*EXERCISE*
The answer consists only of the lines from the beginning of the listing below to the line holding "ClaireZX online show from 10-09-25, 12:14", inclusive, with every picture removed.

*SUPPLIED RECORDS*
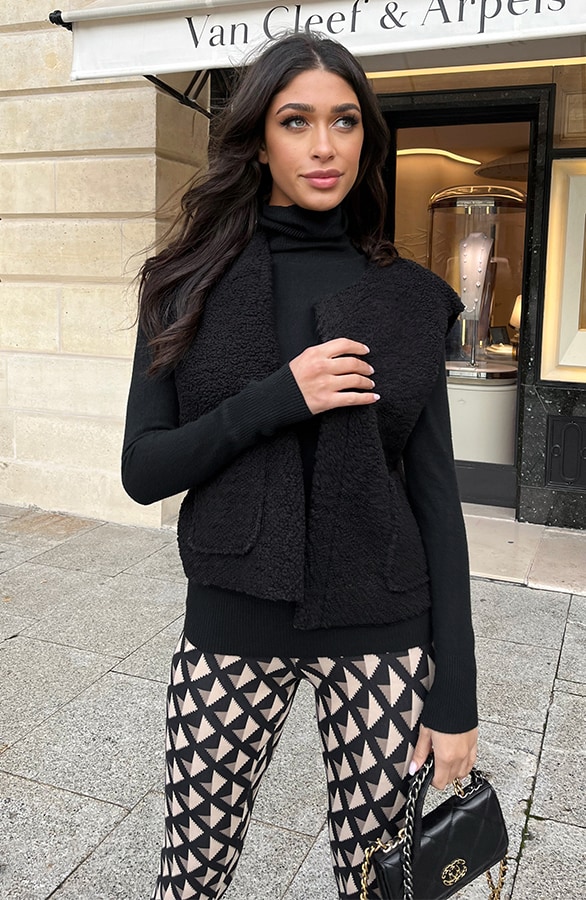 Gilet Pocket Teddy Zwart – shoparchief, foto 5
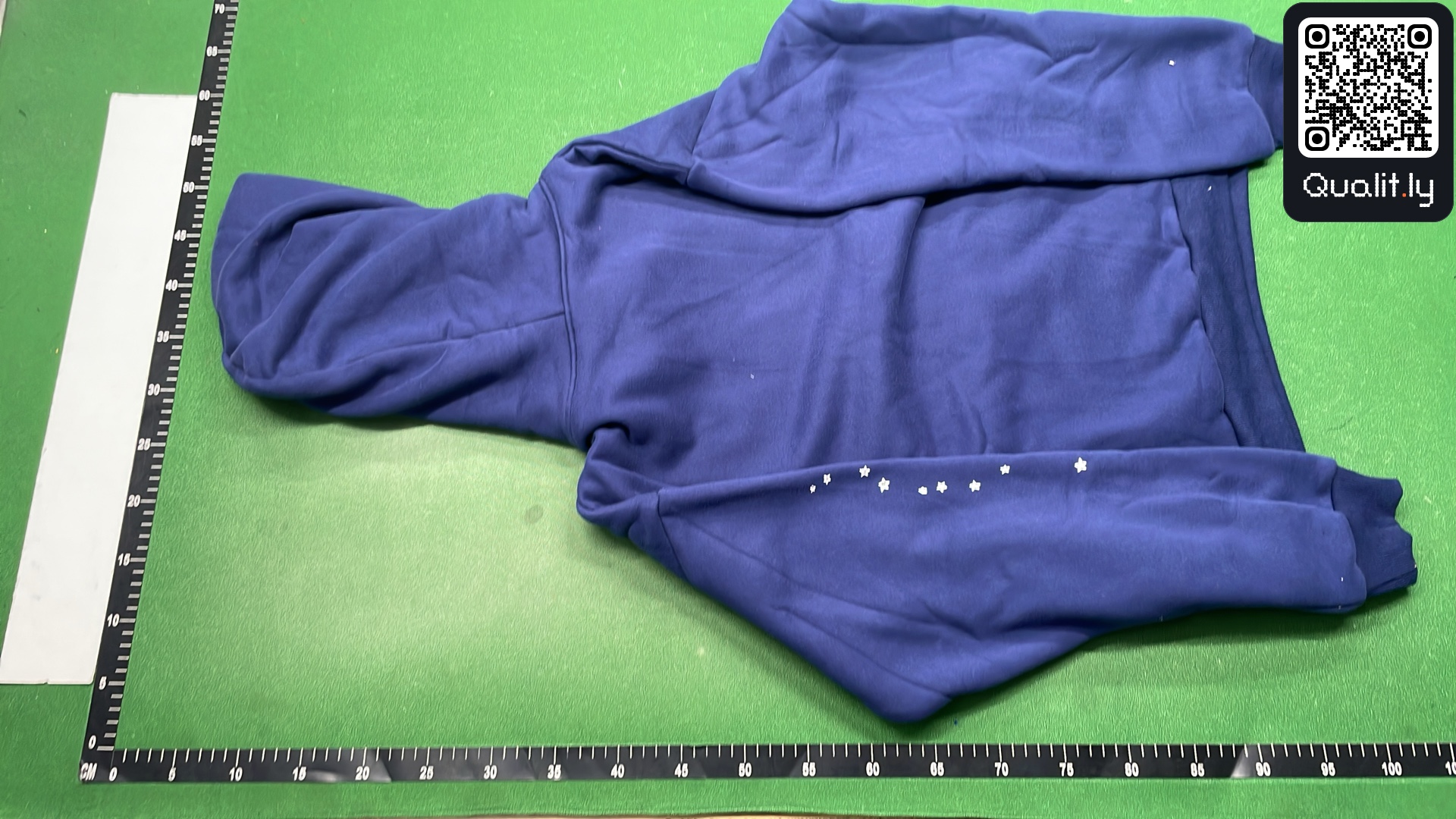 Hoodie QC photo 3 of 16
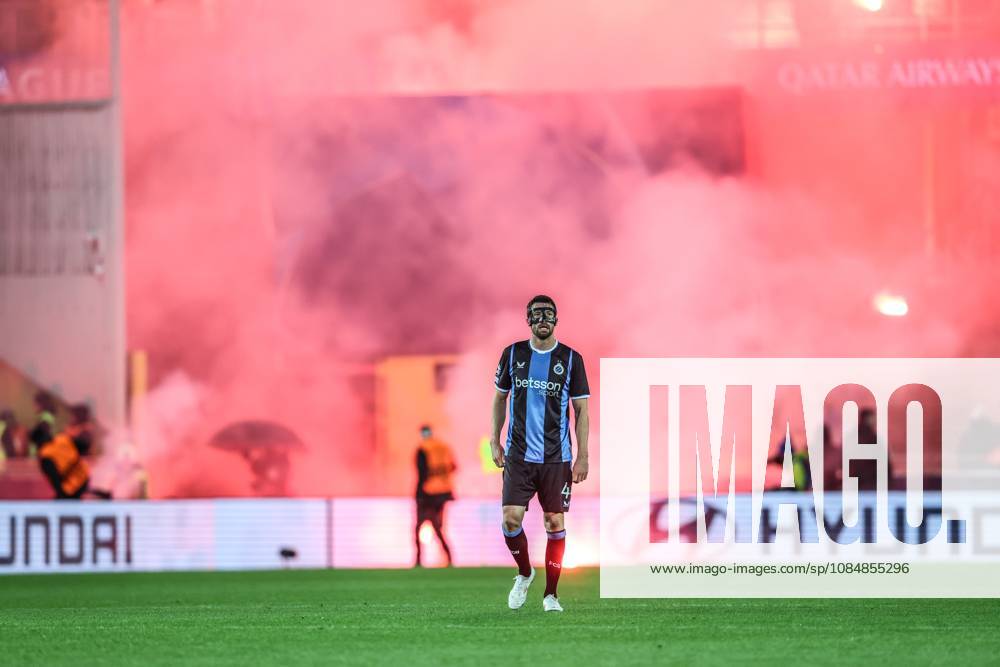 Club s Brandon Mechele is pictured during a soccer game between Belgian Club Brugge KV and French Racing Club de Lens, Wednesday 21 October 2026 in Brugge, on day three of the UEFA Champions League league phase. BRUNOxFAHY x190543169x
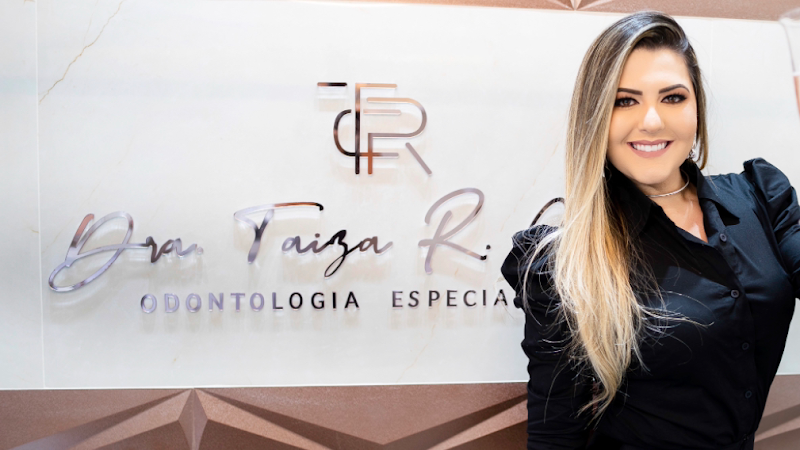 Foto 2 de Dra.Taiza R. Cardôso/Harmonizaçāo Facial/Aparelho Invisalign/Lentes de Resina/Botox Rosto/Clínica Odontológica/Em Palmas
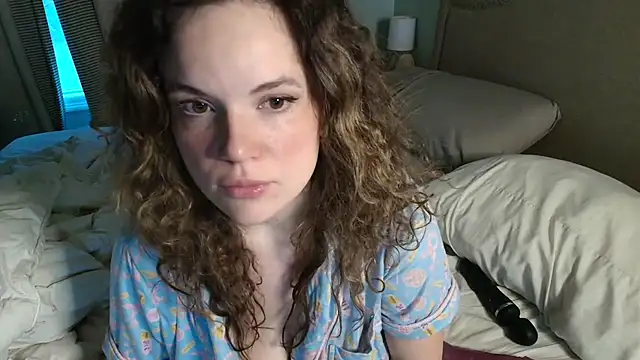 ClaireZX online show from 10-09-25, 12:14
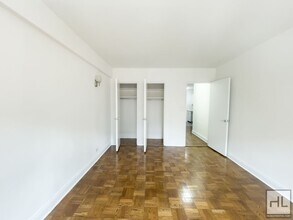 EAST 35 STREET in New York, NY - Foto de edificio - Building Photo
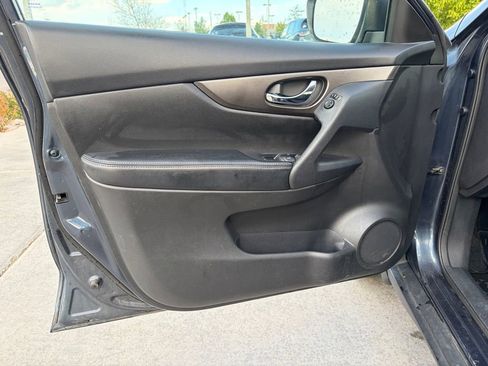 Used 2014 Nissan Rogue SV AWD/4WD image 8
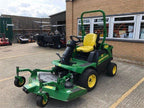 Équipement de tonte frontal John Deere 1570 – 4RM - AGRIVITI MATERIEL AGRICOLE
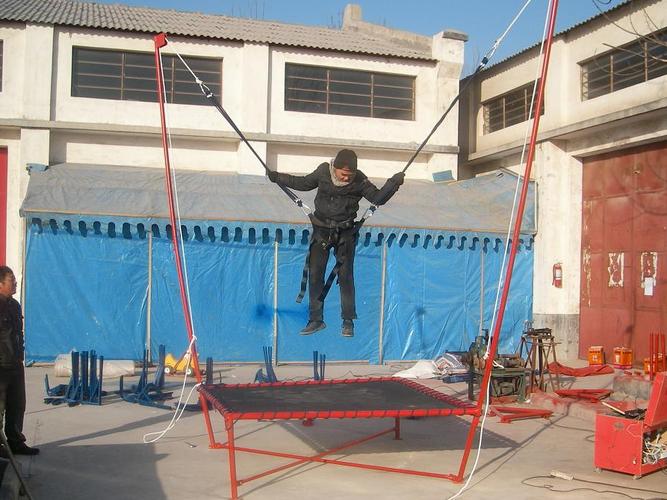 專業(yè)充氣游樂(lè)設(shè)備與水上運(yùn)動(dòng)休閑產(chǎn)品廠家 從制造到智造的品質(zhì)之選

*TASK ANSWER*
 Gilet Pocket Teddy Zwart – shoparchief, foto 5
 Hoodie QC photo 3 of 16
 Club s Brandon Mechele is pictured during a soccer game between Belgian Club Brugge KV and French Racing Club de Lens, Wednesday 21 October 2026 in Brugge, on day three of the UEFA Champions League league phase. BRUNOxFAHY x190543169x
 Foto 2 de Dra.Taiza R. Cardôso/Harmonizaçāo Facial/Aparelho Invisalign/Lentes de Resina/Botox Rosto/Clínica Odontológica/Em Palmas
 ClaireZX online show from 10-09-25, 12:14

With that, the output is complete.